I don't know how long it will take to learn more about this earring. If you can help in any way, please do.
When I get the time to clean this earring properly, I might be able to find a mark that will help. If I find that it is marked 925 or Sterling, I'll know that it isn't from a Spanish shipwreck. I guess even the absence of a mark can help narrow things down some.
It often takes a lot of work to identify an item, but you usually learn a lot of interesting things in the process.
If you've been to the beach lately, you might have noticed some sea beans. A sea bean is any of a variety of seeds that wash out to sea and then onto a distant beach. Locally they mostly come from places like Central or South America or the Caribbean and end eventually up on our beaches.
One type of sea bean that I've been seeing on our local beaches lately has the more scientific name "Macuna." There are a variety of types of Macuna.
The ones I've been noticing are an inch to an inch and a half across and are bright shiny brown. One type has a black stripe around it.
I just found out today that there are web sites about sea beans, and that some people collect sea beans, and there are some people that make jewelry and other items from sea beans. I knew about sea beans before but I didn't know that some people found them that interesting.
Both gold and silver have been doing well, with gold being near $1400 an ounce and silver near $28.

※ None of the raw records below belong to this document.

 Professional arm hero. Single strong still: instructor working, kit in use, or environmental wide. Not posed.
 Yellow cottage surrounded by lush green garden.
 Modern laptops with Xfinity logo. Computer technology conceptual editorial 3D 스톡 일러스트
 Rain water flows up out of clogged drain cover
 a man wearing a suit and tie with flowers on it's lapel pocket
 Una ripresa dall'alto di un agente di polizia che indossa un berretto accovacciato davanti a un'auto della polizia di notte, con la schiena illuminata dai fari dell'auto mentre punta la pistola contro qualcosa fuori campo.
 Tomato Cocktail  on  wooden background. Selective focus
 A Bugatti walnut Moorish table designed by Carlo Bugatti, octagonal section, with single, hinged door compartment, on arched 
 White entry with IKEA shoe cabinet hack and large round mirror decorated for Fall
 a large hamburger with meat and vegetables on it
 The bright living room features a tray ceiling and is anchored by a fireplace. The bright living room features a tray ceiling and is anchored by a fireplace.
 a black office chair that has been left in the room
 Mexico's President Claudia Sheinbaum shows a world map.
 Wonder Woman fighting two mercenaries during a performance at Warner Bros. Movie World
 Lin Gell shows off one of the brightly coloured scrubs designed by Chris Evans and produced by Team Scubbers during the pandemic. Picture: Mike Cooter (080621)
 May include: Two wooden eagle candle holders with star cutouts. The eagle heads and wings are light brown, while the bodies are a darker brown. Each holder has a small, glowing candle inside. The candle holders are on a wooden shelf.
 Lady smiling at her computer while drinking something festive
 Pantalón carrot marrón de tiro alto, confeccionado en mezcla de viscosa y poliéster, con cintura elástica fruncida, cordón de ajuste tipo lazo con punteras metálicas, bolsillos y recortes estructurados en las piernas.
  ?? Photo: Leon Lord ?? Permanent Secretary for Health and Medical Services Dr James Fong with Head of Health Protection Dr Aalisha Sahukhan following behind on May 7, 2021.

Note: The troy ounce is the unit of weight for precious metals. One troy ounce equals 1.09711 regular (avoirdupois) ounces.
Forecast and Conditions.
It has been a long time since conditions have been good on the Treasure Coast for finding old shipwreck cobs. I hope you've notice though, how much rougher the water has been on average for the past couple of months. It might not be producing a lot of erosion on the beach, but it should at least be moving some sand in the water and stirring things up a bit. I think that was pretty much proven when the pieces of planks were washed up onto the beach. What is going on on a particular day is important, but there is a longer term cumulative process that takes place during the winter too.
You undoubtedly noticed that a cold front moved through recently and that always reminds me of my best cob hunting day back about twenty years ago when a col front came through. I've mentioned it before, but it was so cold on the Treasure Coast that the bridges on 95 were icing up. I can't remember exactly what year that was, but I remember clearly being out there in the freezing air and finding a good number of cobs. The only other person I saw on the beach that day only lasted a few minutes before he got froze out. I think it was on December 23rd or 24th.
Anyhow, conditions aren't good for finding cobs yet. At least that's my conclusion from the beaches that I've seen. I can't get around to them all. I've been pretty busy lately.
I think it is interesting how some fairly large stones were washed out of the water and deposited high on the beach even while the sand was building on the beach.
I think it is still a hunt and peck kind of world out there on the Treasure Coast beaches. You just have to scratch around to find much of anything.
I do think some artifacts will show up on the front of some of the beaches at low tide.